### Exercise requirements:
Could you transcribe exactly the lines below, from the line with "新船訂單跟蹤（11.04—11.10）" through the line with "Skema IT Inventory Neo Esensial", and nothing else, leaving out the pictures?

### Dataset excerpts:

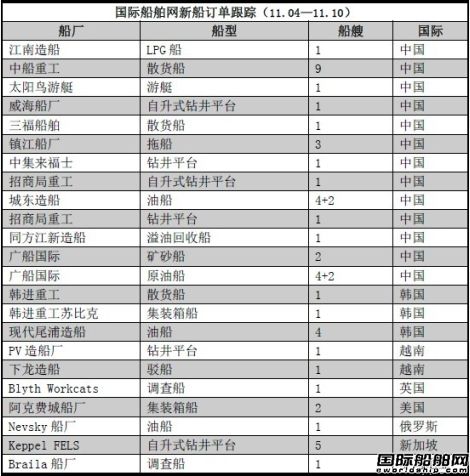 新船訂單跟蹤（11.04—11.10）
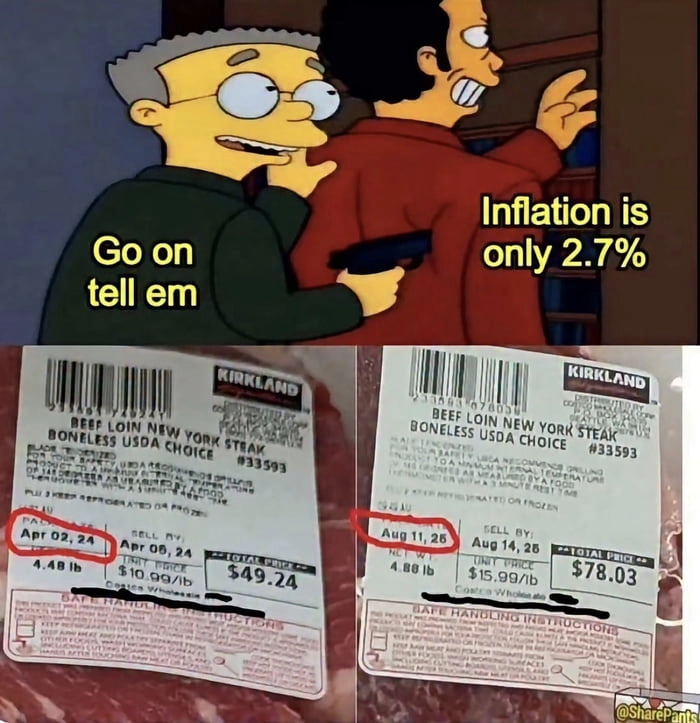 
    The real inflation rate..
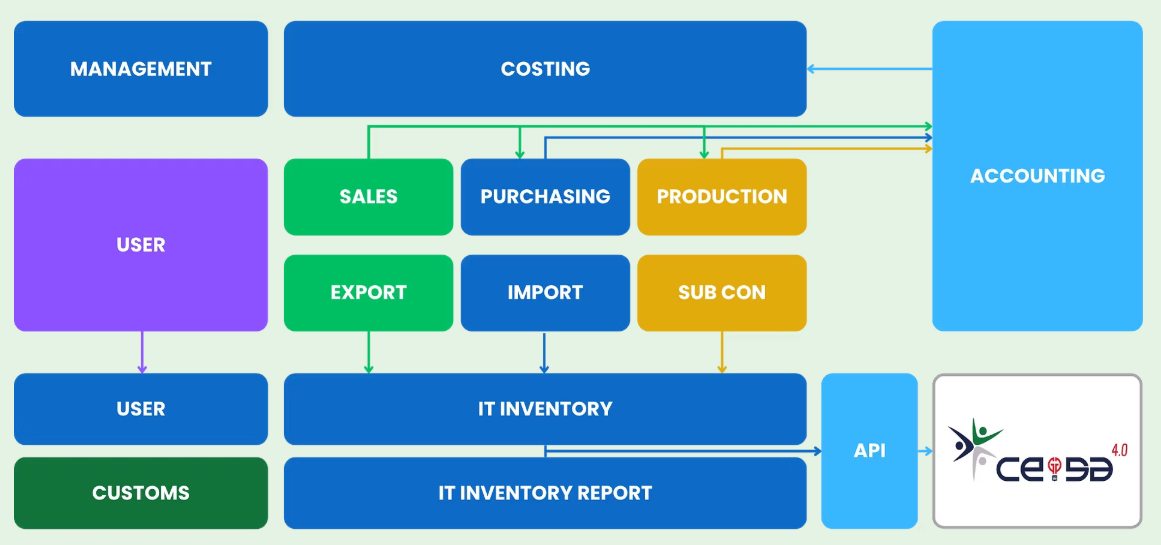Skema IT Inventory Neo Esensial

---

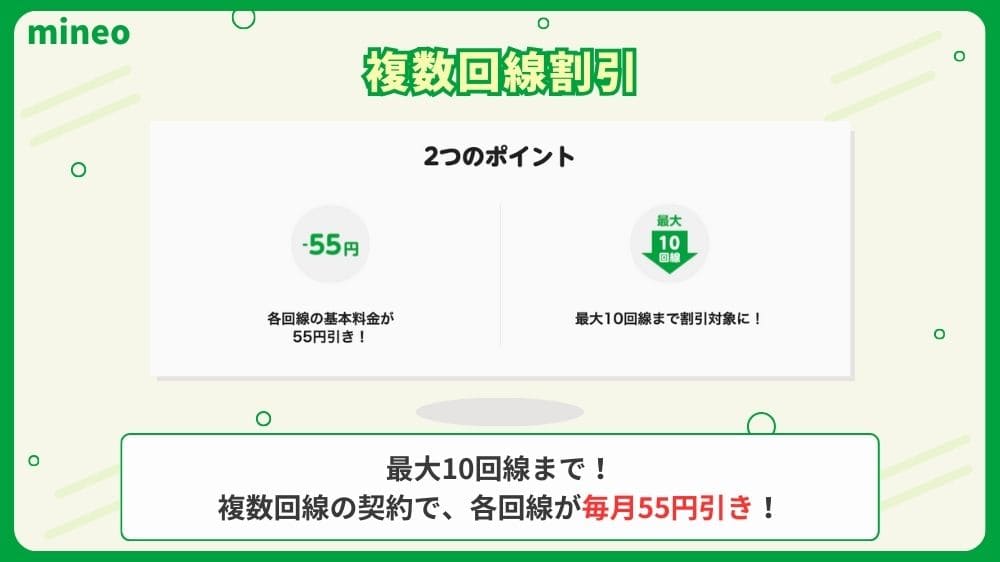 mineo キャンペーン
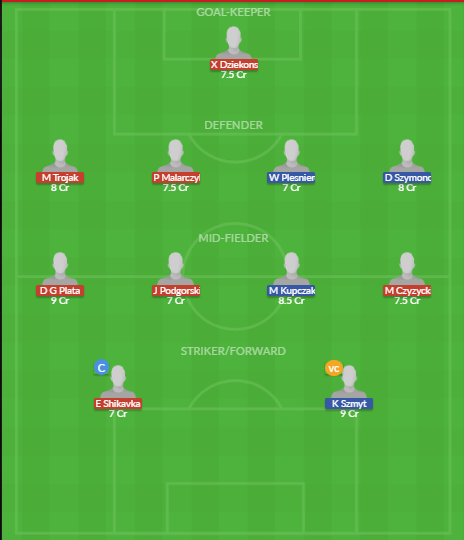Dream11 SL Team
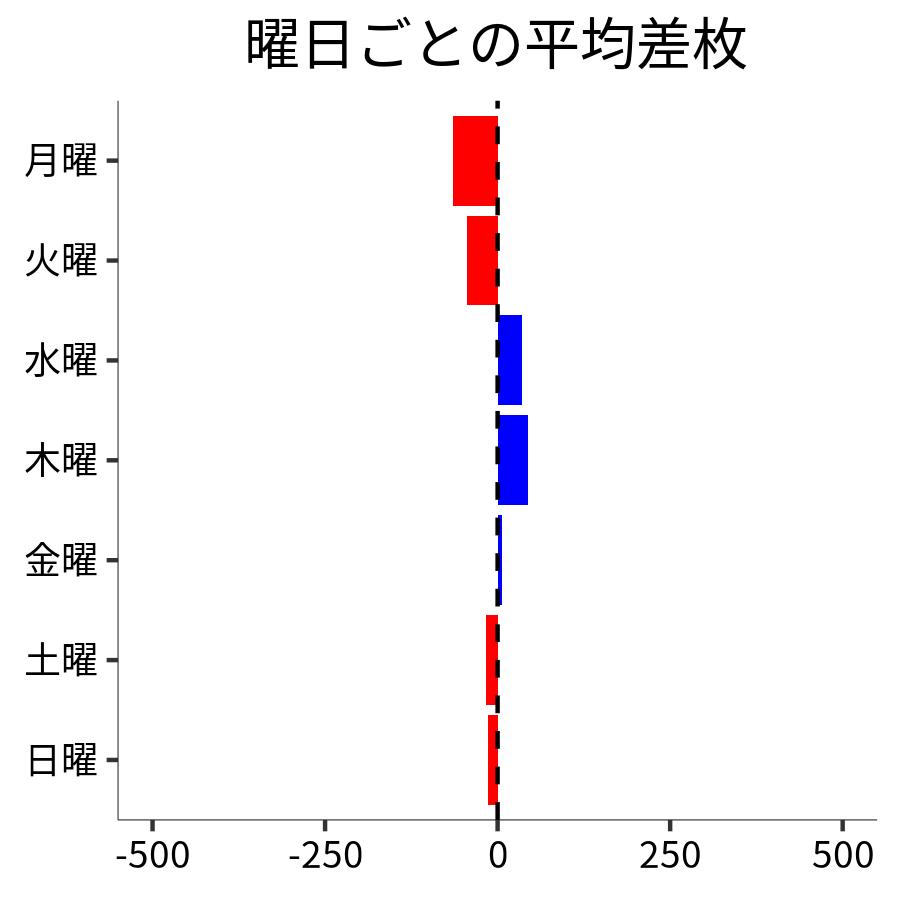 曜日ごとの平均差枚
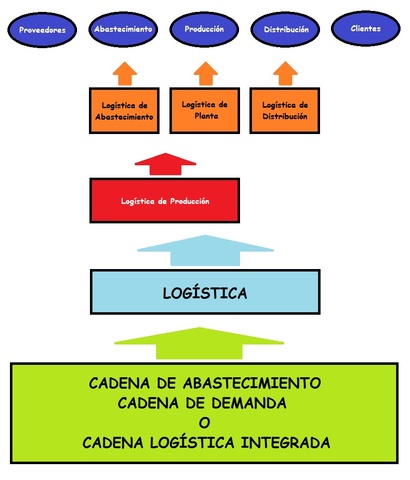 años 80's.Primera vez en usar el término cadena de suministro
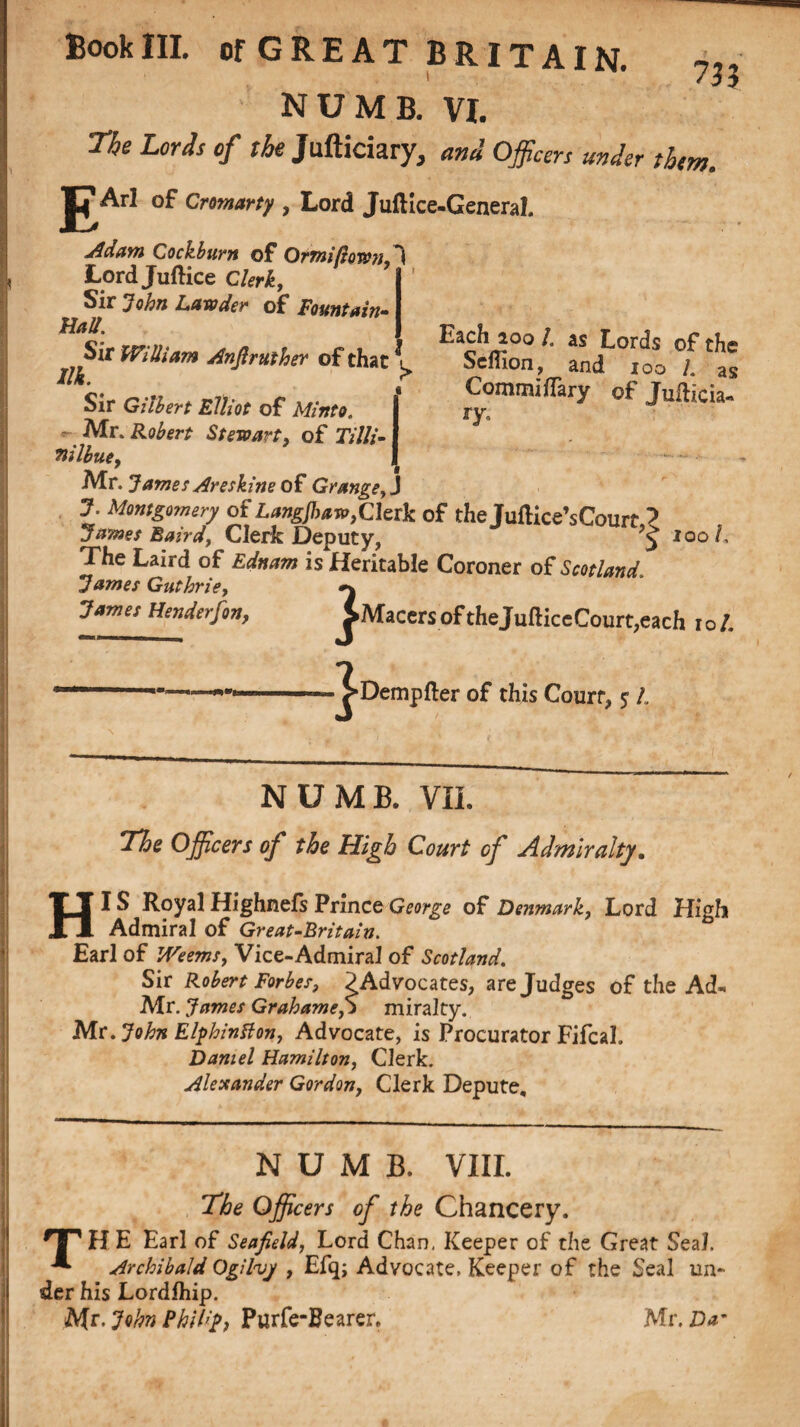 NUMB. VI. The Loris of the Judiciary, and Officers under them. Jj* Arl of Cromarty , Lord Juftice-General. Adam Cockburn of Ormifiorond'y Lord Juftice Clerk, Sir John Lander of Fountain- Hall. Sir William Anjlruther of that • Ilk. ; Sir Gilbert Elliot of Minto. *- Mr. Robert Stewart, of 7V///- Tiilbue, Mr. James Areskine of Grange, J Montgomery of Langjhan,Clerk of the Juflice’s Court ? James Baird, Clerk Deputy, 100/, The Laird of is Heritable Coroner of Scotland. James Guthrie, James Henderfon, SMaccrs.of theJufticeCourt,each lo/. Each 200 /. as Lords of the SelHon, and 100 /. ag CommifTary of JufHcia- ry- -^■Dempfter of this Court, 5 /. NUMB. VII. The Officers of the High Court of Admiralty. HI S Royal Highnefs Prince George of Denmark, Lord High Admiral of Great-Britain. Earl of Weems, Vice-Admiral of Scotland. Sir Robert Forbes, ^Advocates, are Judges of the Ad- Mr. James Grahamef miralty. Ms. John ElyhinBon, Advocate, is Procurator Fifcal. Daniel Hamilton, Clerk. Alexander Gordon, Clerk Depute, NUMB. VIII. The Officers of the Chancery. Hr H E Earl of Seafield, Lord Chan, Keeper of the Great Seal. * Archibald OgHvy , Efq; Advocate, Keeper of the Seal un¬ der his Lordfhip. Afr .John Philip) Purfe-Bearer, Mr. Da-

### Answer for the task:
 新船訂單跟蹤（11.04—11.10）
    The real inflation rate..
Skema IT Inventory Neo Esensial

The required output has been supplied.